Gearing up to revive its annuity sales through banks, Lincoln National Life Insurance Co. has hired a marketing officer from an insurer that customizes annuities in joint ventures with banks.

"This is a new position, one which more tightly ties product development and marketplace distribution," said Lorry J. Stensrud, chief executive officer of the Fort Wayne, Ind., company's Lincoln Annuities unit. "Our goal is to demonstrate a more coordinated approach to marketing and product distribution. We must be aggressive in showing clear strategies and solutions to our brokers and product partners."

The marketing officer, William Boscow, "is very experienced with building these key relationships," Mr. Stensrud said.

Mr. Boscow was senior vice president and managing director for Cova Financial Services Life Insurance Co. in Oakbrook Terrace, Ill., and had been with that company since 1997.

Ken Kehrer, president of Kenneth Kehrer Associates in Princeton, N.J., said Cova had about $10 million in annuity sales through banks in the second quarter. Cova was a unit of General American Life Insurance Co. of St. Louis, which was forced to sell the division to Met Life Inc.

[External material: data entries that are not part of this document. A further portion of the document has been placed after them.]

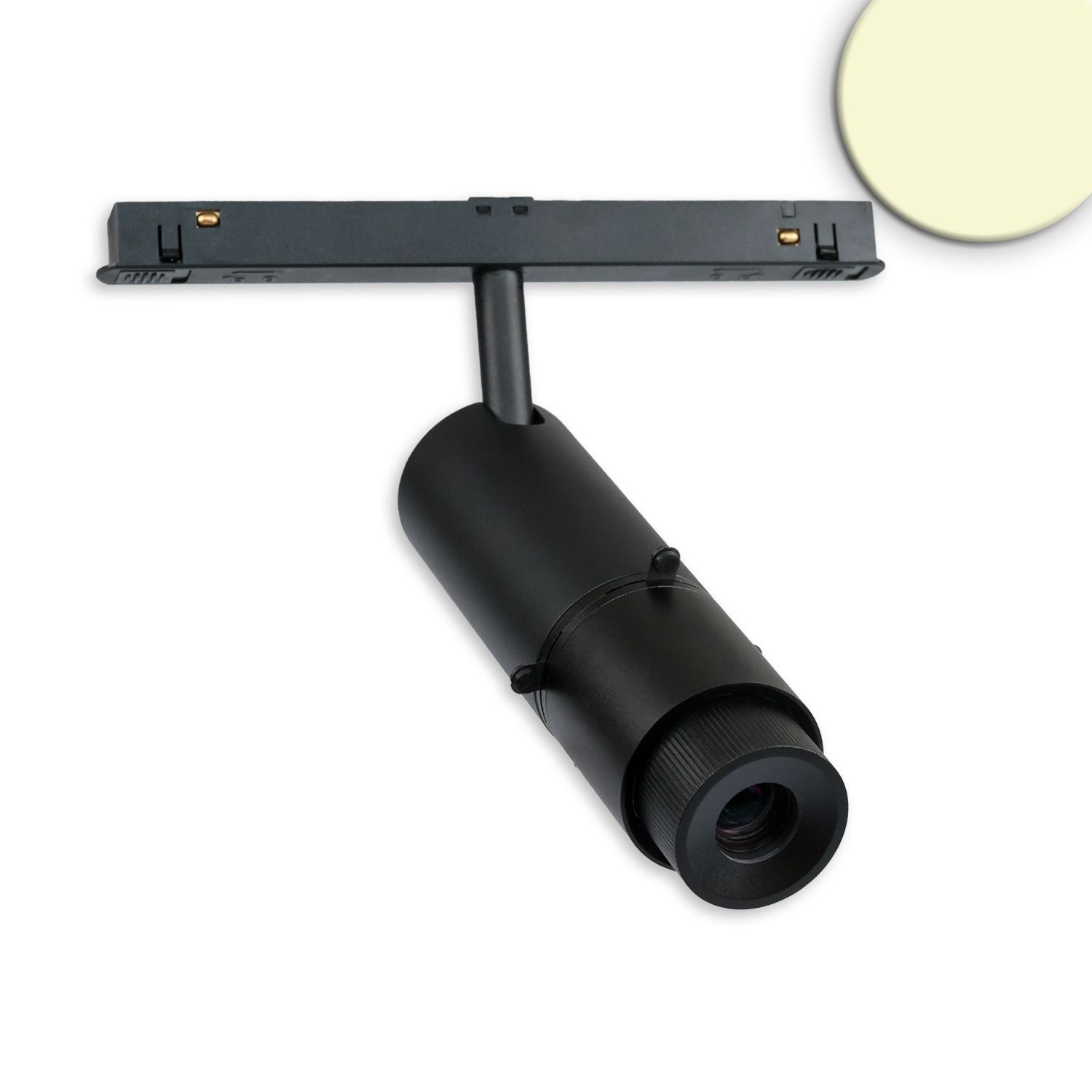 ISOLED Track48 Konturenstrahler SHAPE, 20W, 30°, schwarz, 4000K, CRI90, DALI dimmbar - 1
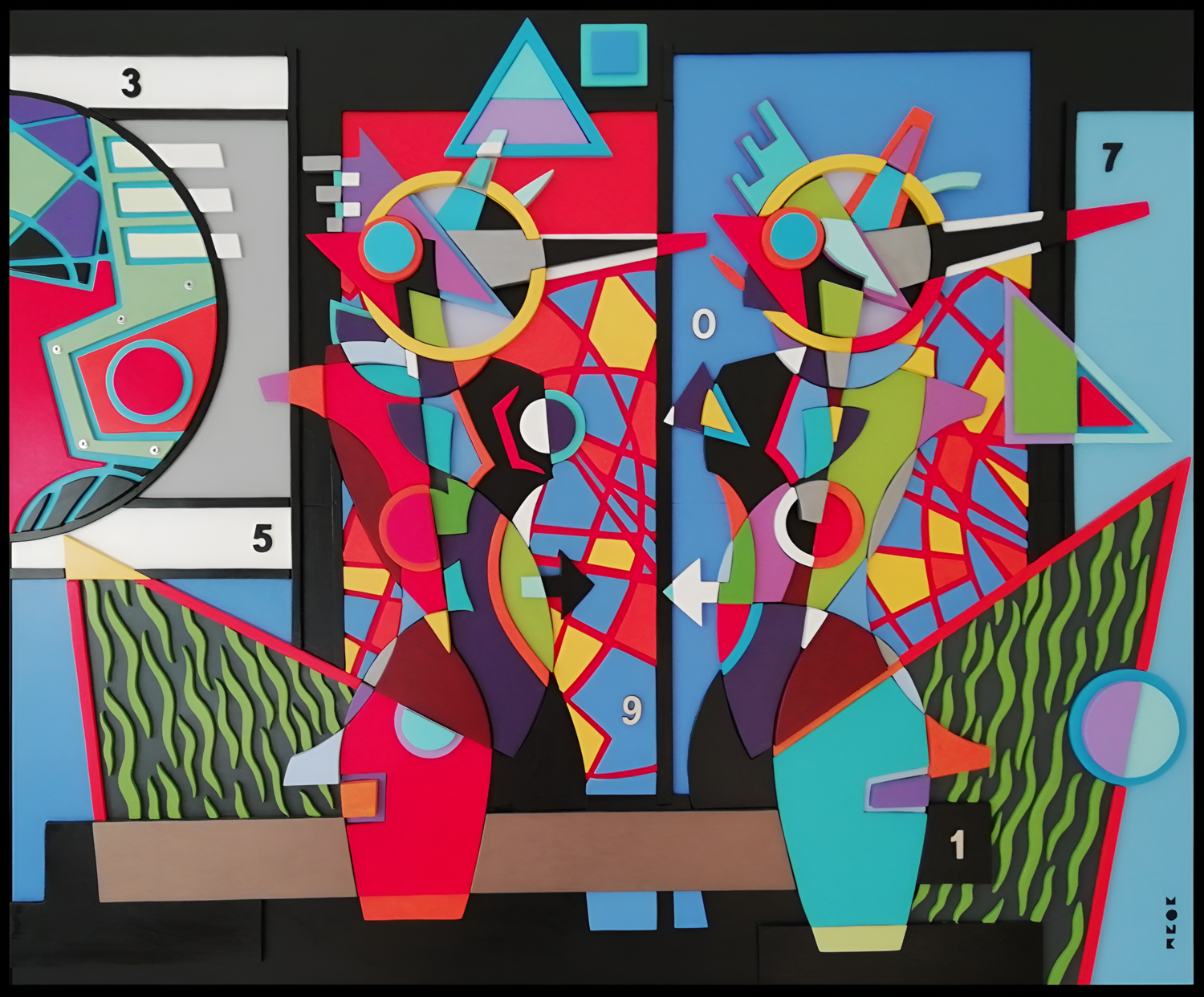 Dual Verb MONK -Sangiorgio Original painting for sale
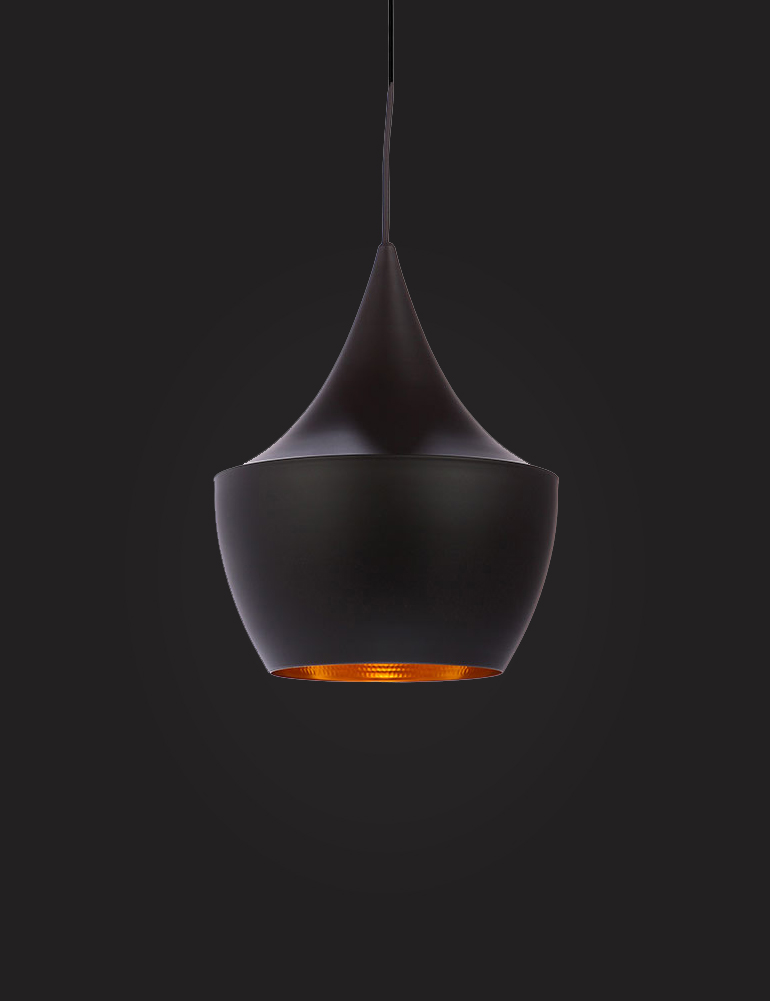 Cubist Crown Hanging Black Lamp, Pendant Light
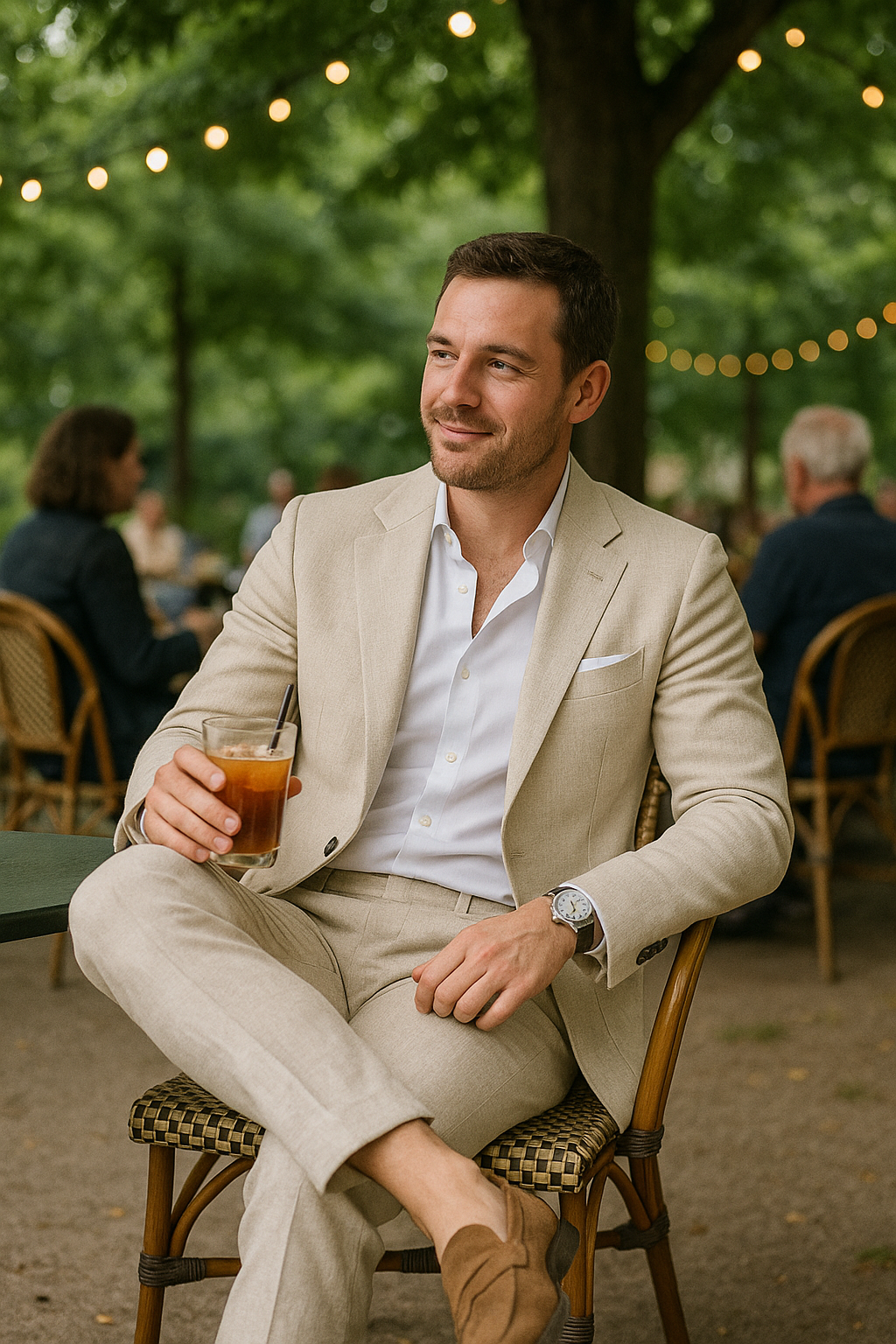 Herr Slim Fit Kostym – Modern Stil för Fest och Arbete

General American had funding problems and had been placed under the protection of the Missouri Department of Insurance.

Lincoln could take a page out of Cova's book by pursuing joint ventures with banks, Mr. Kehrer said.

"Many of the most successful insurance companies in selling annuities through banks do this," he said. "The Hartford, American General, and AEGON all do this. Lincoln hasn't done it, and I can't see why they wouldn't try."

By joint venture, Mr. Kehrer means designing an annuity for a specific bank and including some of the bank's mutual fund portfolios as investment options.

Lincoln was among the top distributors of fixed annuities through banks in the early 1990s, Mr. Kehrer said, but most of those sales were through third parties.

"When third-party marketing fell out of favor with banks, Lincoln went down with them," he said.

Lincoln placed 15th in the second quarter among insurance companies selling fixed annuities through banks - $47 million, down 15% from the first quarter, Mr. Kehrer said.

Michael White, president of Michael White Associates in Radnor, Pa., said it is likely Lincoln will also market through independent broker-dealers, regional wire houses and specialty brokers. "They've gone through some changes to take more of a distribution focus, and that includes hitting several distribution channels," he said.

Joint ventures between banks and insurers for annuity sales can be beneficial for both parties. About 90% of American General Financial Corp.'s sales of fixed annuities through banks, for example, come from products designed specifically for banks.

Creating an annuity product specifically for banks "could take a while" for Lincoln, Mr. Kehrer said. "As the insurance company, sometimes it takes years to get the bank to agree to choose you."